My current query looks like this. The function I'm having problems with is LTRIM RTRIM - I'm not even sure it's the right function for this job? * Note that I also need to remove \n\t because the final output will not validate as JSON if I don't do this.

SELECT  
FROM_UNIXTIME(exp_channel_titles.entry_date,'%m/%e/%Y %h:%i %p') AS entry_date,
exp_channel_titles.status, 
exp_channel_titles.title, 
exp_channel_data.field_id_66 AS news_releases_subtitle, 
exp_channel_data.field_id_65 AS news_releases_contact, 
REPLACE(replace(exp_channel_data.field_id_67,char(10),''),char(13),'') AS news_releases_body
LTRIM(RTRIM(REPLACE(replace(exp_channel_data.field_id_67,char(10),''),char(13),''))) AS news_releases_summary
FROM exp_channel_data INNER JOIN exp_channel_titles 
ON exp_channel_data.entry_id = exp_channel_titles.entry_id 
WHERE exp_channel_data.channel_id = '21' 
ORDER BY exp_channel_titles.entry_date

UPDATE

This is where I am right now, but I'm getting an error "FUNCTION ee_2.strip_tags does not exist". Should I be including strip_tags function directly in the query? I'm using Sequel Pro on a Mac.
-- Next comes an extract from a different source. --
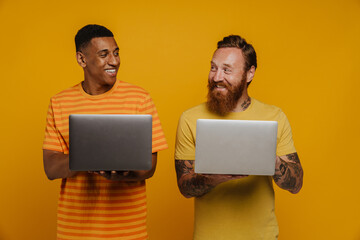 Two excited men holding laptops and smiling at each other while standing isolated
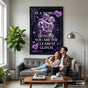 A happy couple sitting on a sofa with the Clearest Glitch poster framed on the wall behind them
CREATE FUNCTION `strip_tags`($str text) RETURNS text
BEGIN
    DECLARE $start, $end INT DEFAULT 1;
    LOOP
        SET $start = LOCATE("<", $str, $start);
        IF (!$start) THEN RETURN $str; END IF;
        SET $end = LOCATE(">", $str, $start);
        IF (!$end) THEN SET $end = $start; END IF;
        SET $str = INSERT($str, $start, $end - $start + 1, "");
    END LOOP;
END;

SELECT  
FROM_UNIXTIME(exp_channel_titles.entry_date,'%m/%e/%Y %h:%i %p') AS entry_date,
exp_channel_titles.status, 
exp_channel_titles.title, 
exp_channel_data.field_id_66 AS news_releases_subtitle, 
exp_channel_data.field_id_65 AS news_releases_contact, 
REPLACE(REPLACE(exp_channel_data.field_id_67,char(10),''),char(13),'') AS news_releases_body,
LEFT(strip_tags(REPLACE(REPLACE(exp_channel_data.field_id_67,char(10),''),char(13),'')),160)     AS news_releases_summary 
FROM exp_channel_data INNER JOIN exp_channel_titles 
ON exp_channel_data.entry_id = exp_channel_titles.entry_id 
WHERE exp_channel_data.channel_id = '21' 
ORDER BY exp_channel_titles.entry_date

Solution

  • You should be able to use nested replace calls to strip undesired newline characters; there are questions on stack exchange that deal with this already, though they use the literal \n and \r rather than using the char function.

    For stripping HTML entities there's not an easy way of doing it without rolling your function to do the business. Thankfully, someone has done that for you as well.

    Finally, if you only want 160 characters in the result, use the left function to limit the result to the leftmost 160 characters.